Jason @ DOB says that If I were to go with a new DOB 3V intake manifold that has a giant Bell intercooler with 1.25" inlets and outlets that I would see ~28GPM. I cannot even imagine! That could be a nice future mod after I put in my forged 298 / 5.0 liter stroker and start getting silly with power, but for now I will be content with having just quadrupled my flow rate!
Today's ambient temp was 57 Fahrenheit during my test drive...
I have a sensor in my air inlet tube, and I was getting (@70MPH highway cruise and the car fully heated-up) a temp of 62 (5 degree rise in inlet tube over ambient is fairly typical on my car when cruising at 55-85 MPH due to the small bit of underhood heat the air filter sucks in) - and I saw fairly steady IAT's of only 100.
A quick throttle hit to get some airflow and make 10 pounds of boost resulted in an immediate drop to 96 IAT.
I also ran a toggle switch to the fans on my Steeda Triple Pass...I tried cycling them OFF and ON while cruising...I could not notice a difference on IAT's...more on that topic in a future update, but a quick glimpse into that next study is that I have ordered some coolant temp sensors and I plan on measuring temperatures with actual probes in the coolant BEFORE and AFTER the the heat exchanger to see what impact the fans make (if any at all) when cruising. The big thing is that I want to make sure that fans do not harm my intercooler performance, and real data collection with a system installed on a car is the only way to make that determination. "To fan - or not to fan - that is the question".
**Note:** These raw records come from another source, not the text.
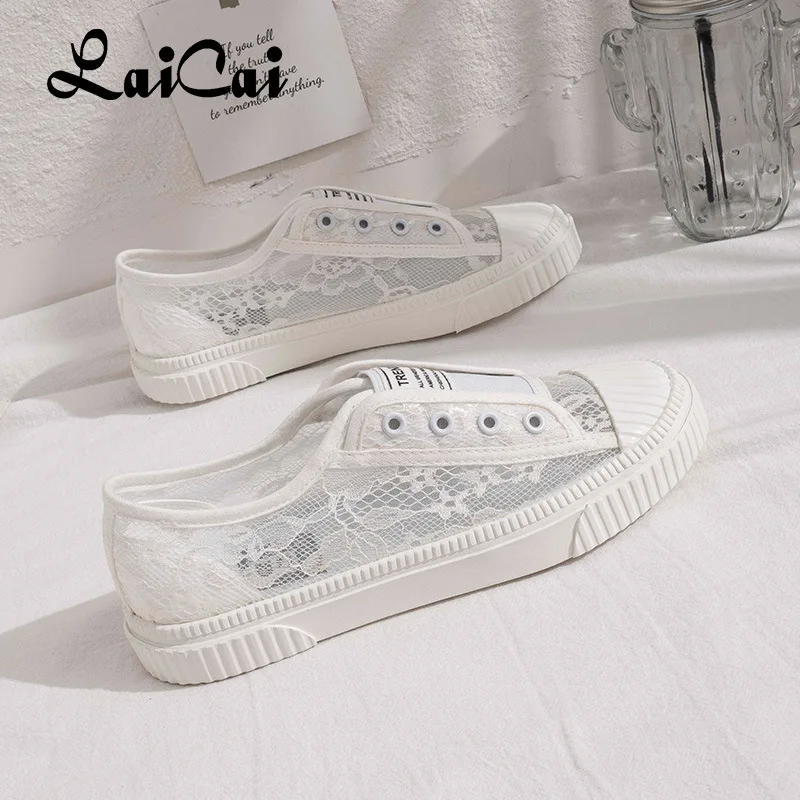 

Fashion Women's Spring and Summer Lace Hollow Out Breathable Single Shoes Woman Vulcanize All-match Net Wedge Heel Leisure Shoes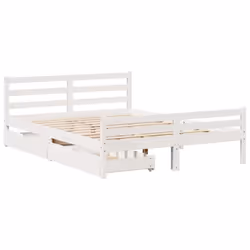 vidaXL Bed Frame with Drawers Home Bed Base Solid Wood Pine - white, 140 x 200 cm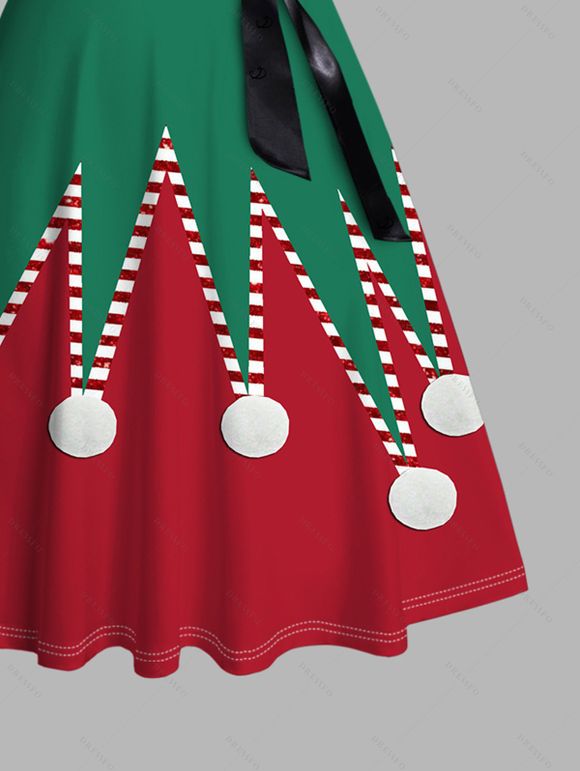 Christmas Couple Outfit Striped Print Colorblock Crossover Belt Dress and Shirt Set - Vert profond S | US 4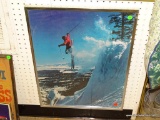 (ROW 3) FRAMED PHOTO OF A PERSON SKIING IN SILVER FRAME: 18.5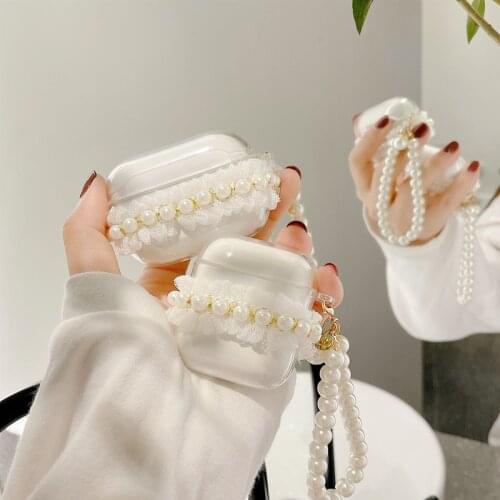 INS Retro Lace Pearl Decor Headset Case for Apple Airpods 1 2 Pro 3 Bluetooth Earphone Headset Box Cute Pearl Bracelet Key Ring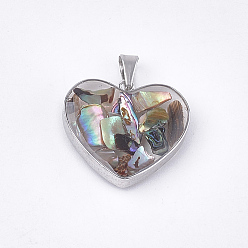Colorful Black Lip Shell Pendants, with Glass and 304 Stainless Steel Findings, Heart, Stainless Steel Color, Colorful, 19x21x6mm, Hole: 3x5.5mm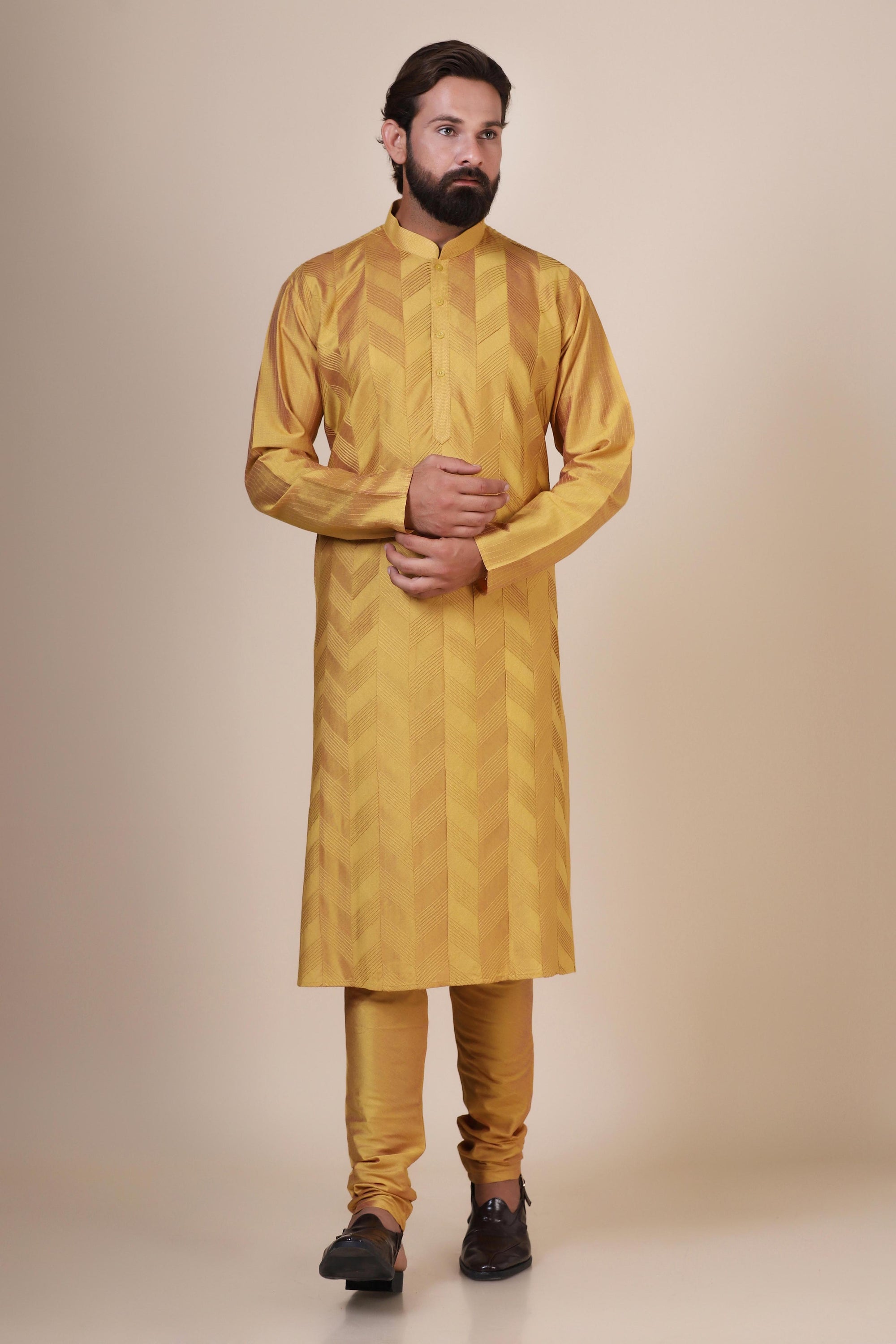 Radiate elegance and comfort in our Yellow kurta pajama, tailored from blended cotton. Shop Now!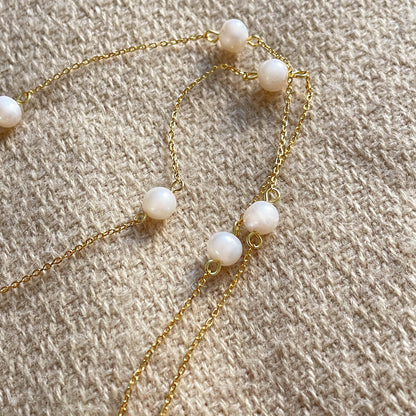 Pearl Chain Necklace in Gold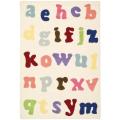 Handmade Children's Alphabet Ivory New Zealand Wool Rug (6' x 9')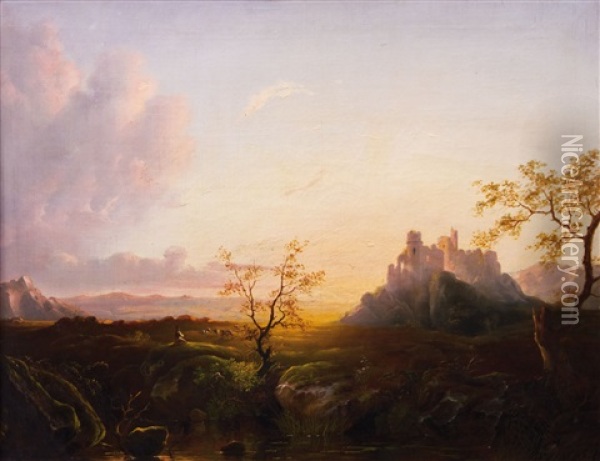 Landschaft In Abendstimmung Oil Painting - Joseph Jansen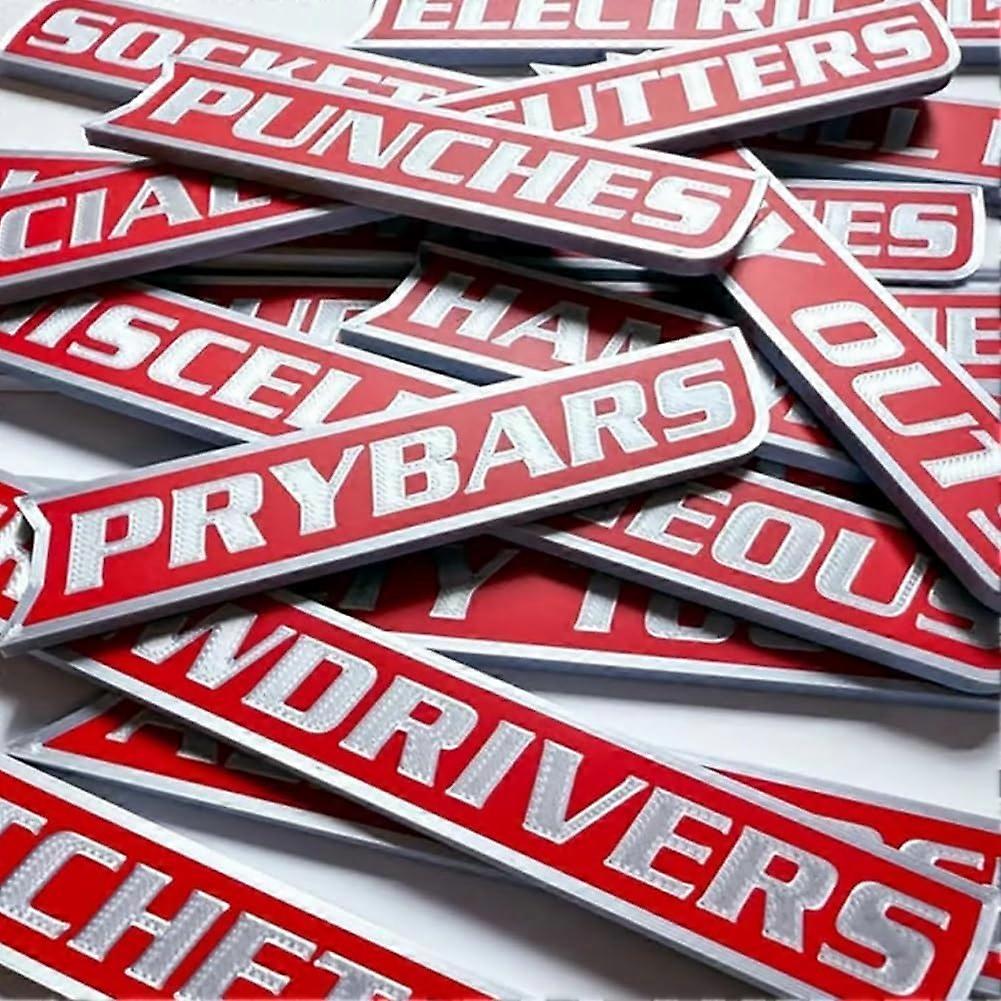 12Pack Red Magnetic Toolbox Labels for Fast Identification and Durable Garage Drawer Storage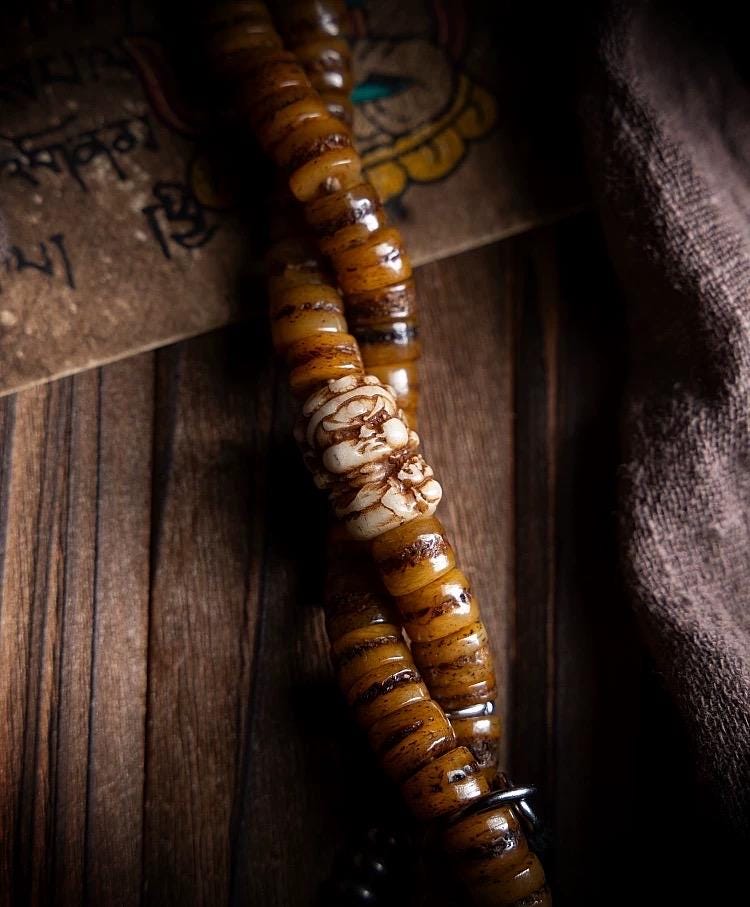 Original Tibetan Yak Bone Prayer Beads, Old Material 108 Mala Beads, Handmade Distressed Buddha Bracelet, Meditation Rosary, Ethnic Jewelry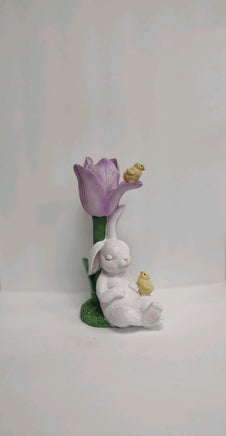 Tulip Flower & Easter Bunny Figurine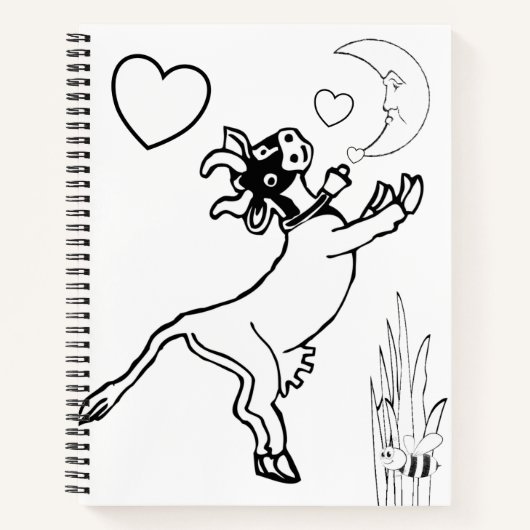 Spiral Notebook Coloring Cow Moon Bumblebee Notizblock (Vorderseite)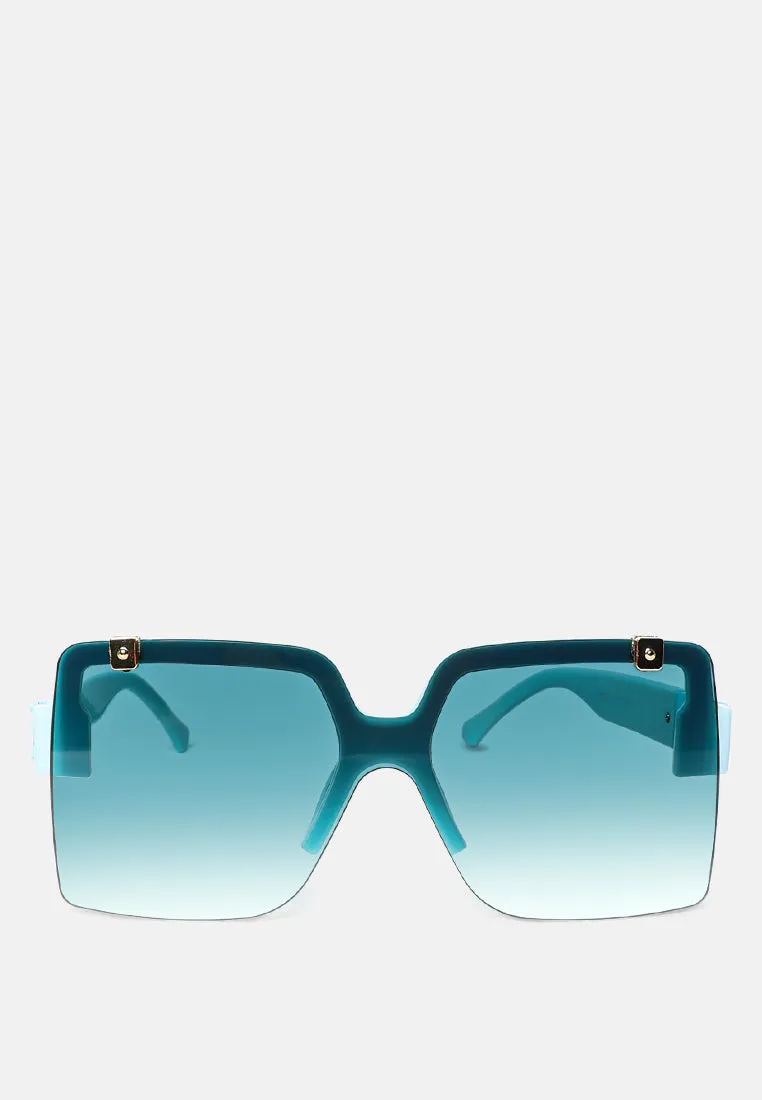 Oversized Half Rim Tinted Square Sunglasses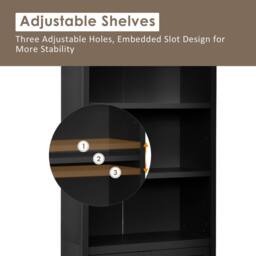 Costway Wooden Tall Bookcase 3-Tier Shelving Storage Cabinet 2 Doors Display Organizer in Black - thumbnail 5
This is great info. I actually expected to see even cooler temps than the 100 AITs you are seeing with 57 ambient. I see so much bologna out there about others running only 30 degrees above ambient with an otherwise stock cooling system. That said, I realize there are 1000 different data points, including how much air is crossing over the IC at the point in which the temp is taken.
I look forward to seeing your fan comparisons. I have the VMP triple pass with fans. I do have a kill switch on the fans, so maybe I'll do a little playing also in the near future . . .
I don’t see how a car can run much cooler than high 90’s when the engine itself is running at 180 degreese and heating up the metal intake manifold. Of course thermal spacers, a heat blanket under the blower and other ideas (composite manifold bottom? Ceramic coating?) might help prevent engine heat from raising IAT’s via manifold heating.